Part of my dissertation preparation is to read as many books on the "theological" origins of modernity like the recent books by Michael Allen Gillespie and Joshua Mitchell. In other words, to look at books and essays that note how important religious issues were at the beginning of modernity until the present. Even the Enlightenment itself was a contest of competing religious options and not simply the triumph of science and rationality over superstition (even though it was probably the French that popularized this particular narrative).
I guess in some cases of popular wisdom, religion has ceased to be a major factor in the continual quest of Western societies quest for modernization. However, research has shown that the narrative that says religion will be passed by because of growing secularization is a myth.
Now the more and more I read about this issue, the more and more I come to the conclusion that 1) religion is here to stay because it is adaptable (much like many other things in society-see Giddens post on tradition) and 2) in many cases, the religious element has learned to correspond with the secular elements quite well. In short, it is a very complex relationship between the secular and religious forces.
The problem with books by theorists like Gillespie and others is the need to boil down this complexity to a single, overarching problem. He claims that it was the Nominalism of Ockham, later inherited by Luther, that led Western society into secularization.
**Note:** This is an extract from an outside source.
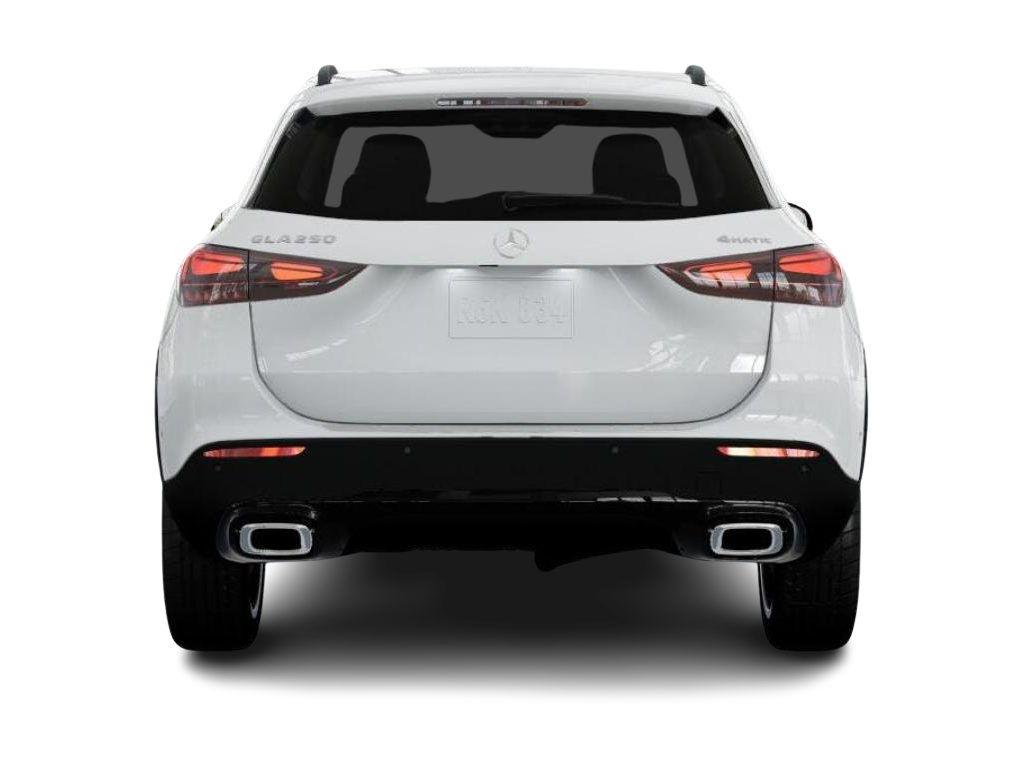 Thumbnail: 2026 Mercedes-Benz GLA - 26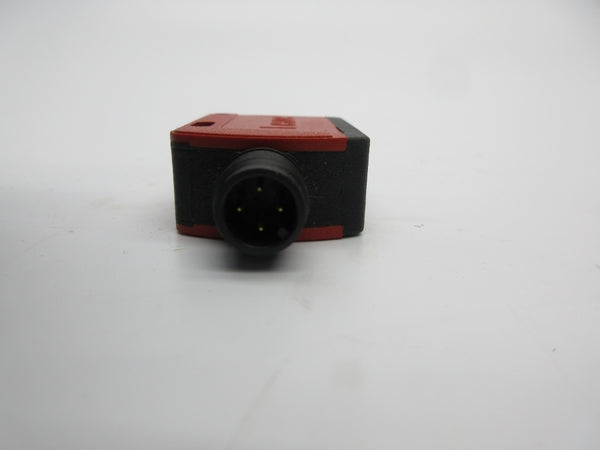 LEUZE ELECTRONIC PRK25B/66.31-S12 50104243 10-30VDC NSNP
Now Gillespie joins a host of other thinkers (not typically historians, I might add) like Milbank and the RO, who lay blame for modernization at Nominalism.
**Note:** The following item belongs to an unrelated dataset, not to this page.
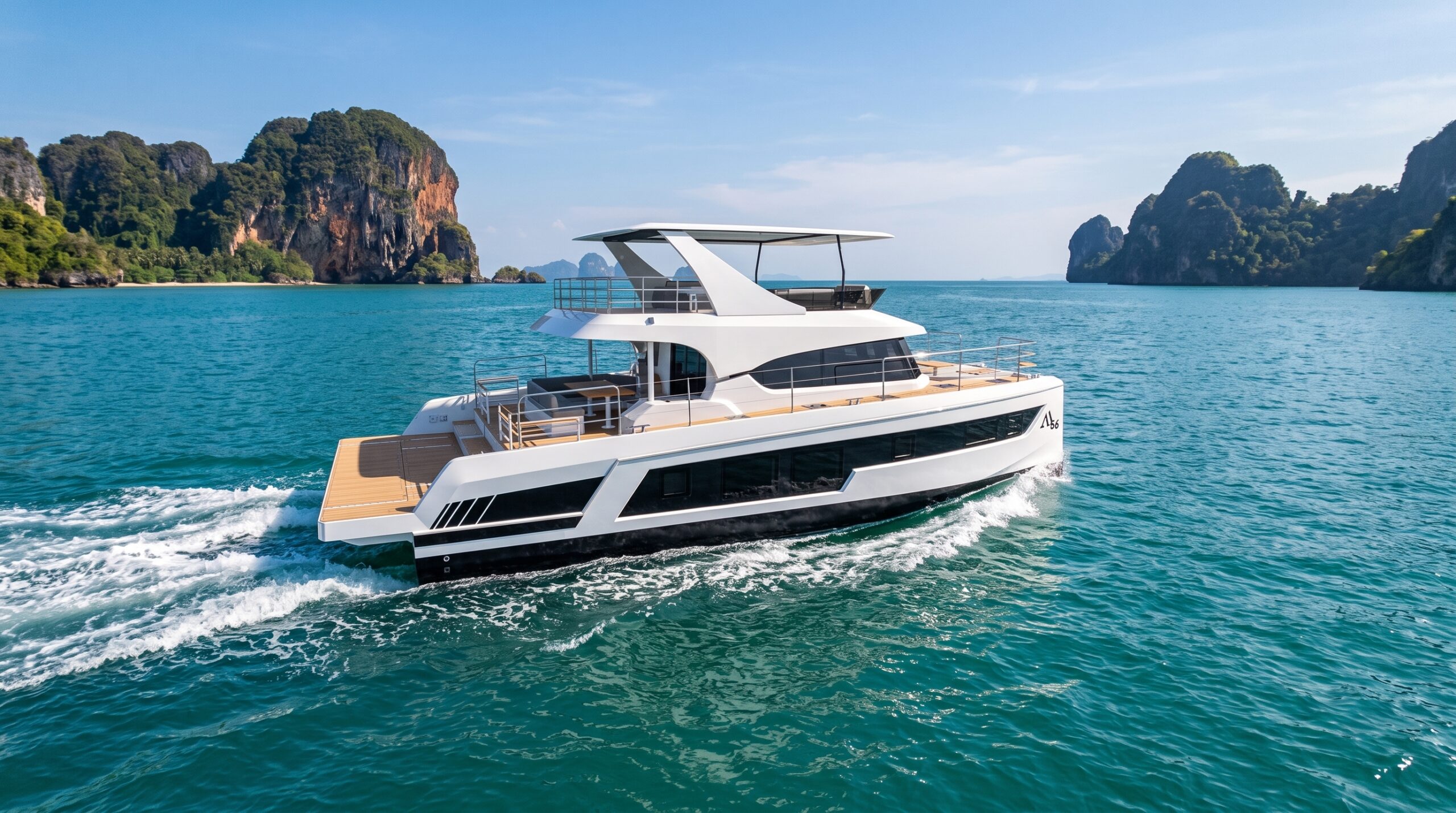 Aventura 56 MY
A recent discussion with George Hunsinger led me to see this move toward the Nominalist bogeyman to be a traditionalist account of modernization. In other words, when one pulls out the Nominalist card it usually is a catchword for "Catholic" defense of religious traditionalism where the Church is still the controlling center of society (I detect even some of this in Protestant thinkers like Pannenberg). The fact that modernization and secularization has decreased religious influence in society is frowned upon by many of this group, but I think otherwise. There is still religious influence in society, sometimes it crosses over the church/state borders, but again, I think that is due to its complexity and in a democratic society with competing structures, it is up to its subjects to work the messiness out.
Finally, of course Nominalism had a part to play in the beginning of modernity, but I do not think it had the central part.
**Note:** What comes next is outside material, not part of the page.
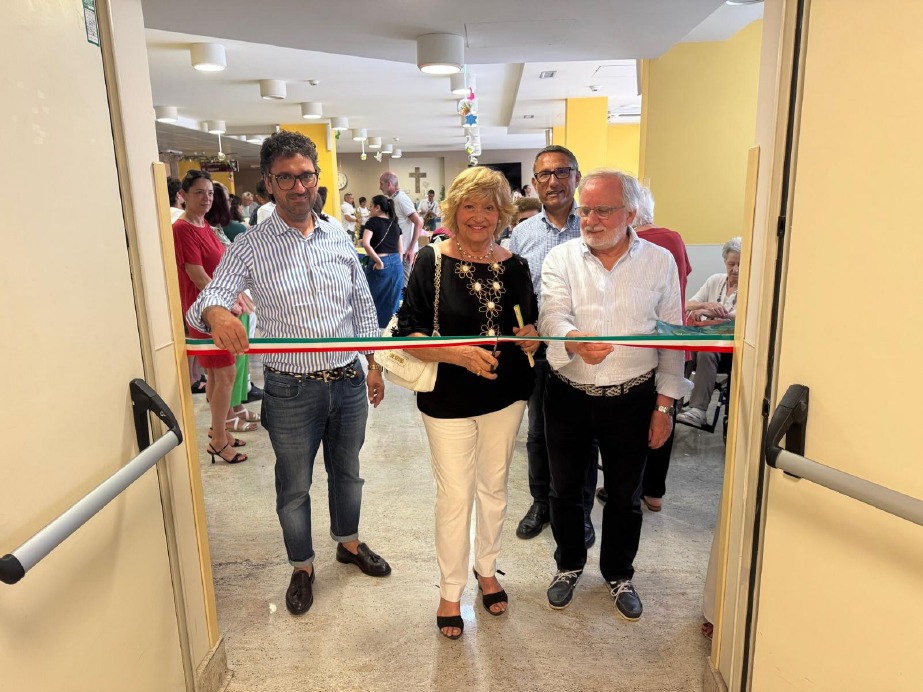 Crema News - Castelleone - Nuovo bistrot alla Brunenghi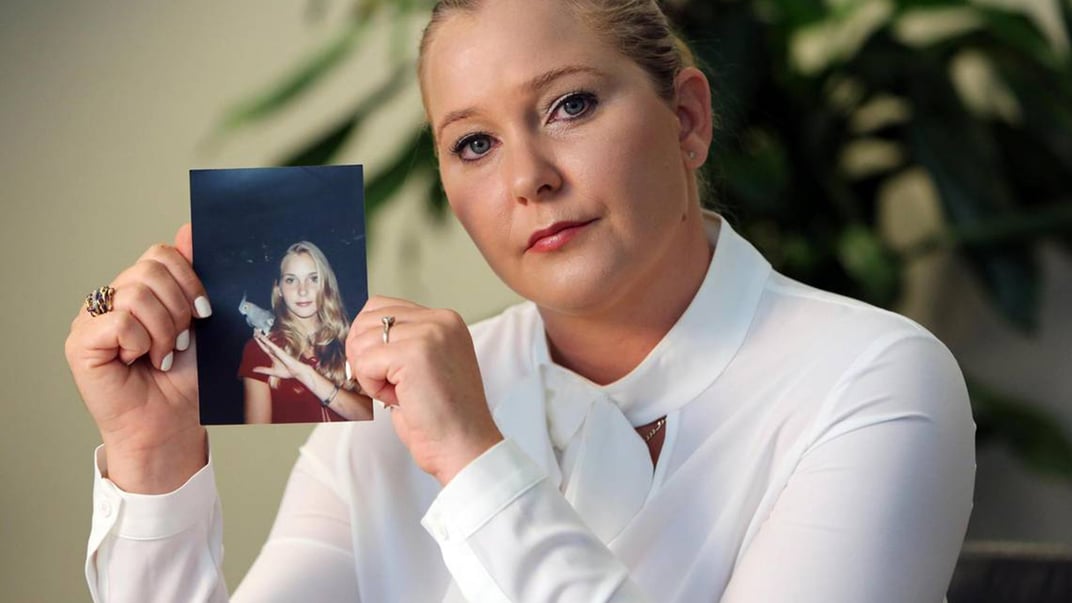 Вірджинія Джуффре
As I get closer to actually writing my dissertation, I have really tried to look at all the possible ways to analyze "my" actual methodology. Because of my experience in studying historiography, I have lately developed a sort of love affair with sociology. Mind you, this is not a "Christianized" sociology, much like I don't like to talk about a "Christianized" history. Since I will be teaching Historiography in the Fall, I will be dedicating much of my summer time to exploring important sociologist with regards to modernity.
A couple of sociologists I have warmed up to are Pierre Bourdieu and Anthony Giddens. What makes both of these figures special is that they fall somewhere in the middle with regards to the structure and agency argument. Being the Barth guy that I am, I believe that Barth is also somewhere in the middle of the two; one can see his late work on Christian witness as an effect in light of the Spirit's previous work in giving humans real agency but without losing the focus of our place in societies structures.
I have only read a little from Giddens; I have just purchased his Consequences of Modernity and just read his short book Runaway World. One thing that stood out to me is his important words about traditions and the Enlightenment:
"In my view, it is entirely rational to recognise that traditions are needed in society. We shouldn't accept the Enlightenment idea that the world should rid itself of tradition altogether. Traditions are needed, and will always persist, because they give continuity and form to life." (62-3)
The valuable point Giddens makes is that traditions will never cease to exist, yet, in the globalized world, traditions will find it difficult not to change, adapt and reinvent themselves in order to survive. In fact, tradtions have historically always adapted to their environment. One of the mistakes that the "secular" Enlightenment made were to make superstition and ignorance synonymous with tradition.
Seems like Zizek has read a little Barth (specifically from God Here and Now, which was one of the first books I read by Barth). From his most recent books, Zizek writes:
"With Christianity, it is the obverse-not "God proposes, man disposes," but rather, "God (first) disposes, (and then) man proposes." What this means is that, although the Event has already happened, its meaning is not decided in advance but is radically open. Karl Barth drew the consequences of this fact when he emphasized how the final revelation of God will be totally incommensurable with our expectations:
God is not hidden to us; He is revealed. But what and how we shall be in Christ, and what and how the World will be in Christ at the end of God's road, at the breaking in of redemption and completion, that is not revealed to us; that is hidden. Let us be honest: we do not know what we are saying when we speak of Jesus Christ's coming again in judgment, and of the resurrection of the dead, of eternal life and eternal death...continues long quote...see pages 45-6 of God Here and Now).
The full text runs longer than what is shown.